But Shortly After
Sundown, While These Arrangements Were Being Made, Lo And Behold
Another Aurora Enriching The Heavens!
And though it proved to be
one of the ordinary almost colorless kind, thrusting long, quivering
lances toward the zenith from a dark cloudlike base, after last
night's wonderful display one's expectations might well be
extravagant and I lay wide awake watching.
On the third night I reached my cabin and food. Professor Reid and
his party came in to talk over the results of our excursions, and
just as the last one of the visitors opened the door after bidding
good-night, he shouted, "Muir, come look here. Here's something fine."
I ran out in auroral excitement, and sure enough here was another
aurora, as novel and wonderful as the marching rainbow-colored
columns - a glowing silver bow spanning the Muir Inlet in a
magnificent arch right under the zenith, or a little to the south of
it, the ends resting on the top of the mountain-walls. And though
colorless and steadfast, its intense, solid, white splendor, noble
proportions, and fineness of finish excited boundless admiration.
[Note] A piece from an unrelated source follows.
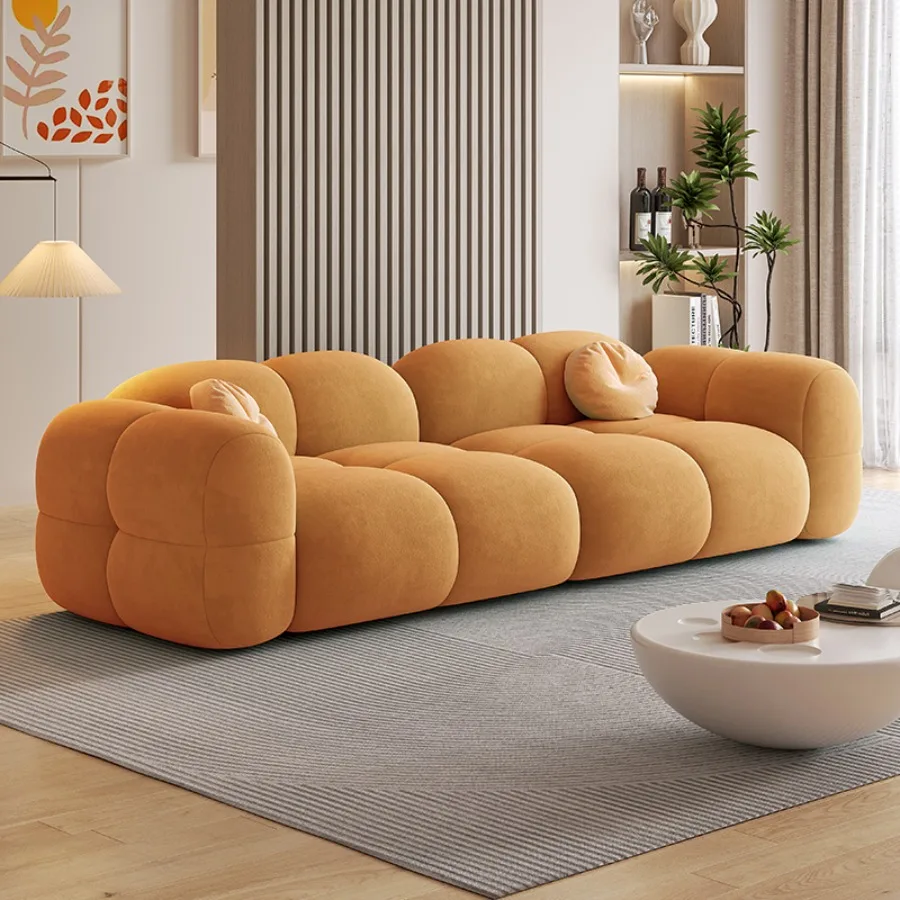 

Luxury Living Room Sofas Modern Sectional Velvet Living Room Sofas Fabric Europe Confort Nordic Bedrooms House Stuff Sedie Sofas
In form and proportion it was like a rainbow, a bridge of one span
five miles wide; and so brilliant, so fine and solid and homogeneous
in every part, I fancy that if all the stars were raked together
into one windrow, fused and welded and run through some celestial
rolling-mill, all would be required to make this one glowing white
colossal bridge.
After my last visitor went to bed, I lay down on the moraine in
front of the cabin and gazed and watched. Hour after hour the
wonderful arch stood perfectly motionless, sharply defined and
substantial-looking as if it were a permanent addition to the
furniture of the sky. At length while it yet spanned the inlet in
serene unchanging splendor, a band of fluffy, pale gray, quivering
ringlets came suddenly all in a row over the eastern mountain-top,
glided in nervous haste up and down the under side of the bow and
over the western mountain-wall. They were about one and a half times
the apparent diameter of the bow in length, maintained a vertical
posture all the way across, and slipped swiftly along as if they were
suspended like a curtain on rings. Had these lively auroral fairies
marched across the fiord on the top of the bow instead of shuffling
along the under side of it, one might have fancied they were a happy
band of spirit people on a journey making use of the splendid bow for
a bridge. There must have been hundreds of miles of them; for the
time required for each to cross from one end of the bridge to the
other seemed only a minute or less, while nearly an hour elapsed from
their first appearance until the last of the rushing throng vanished
behind the western mountain, leaving the bridge as bright and solid
and steadfast as before they arrived.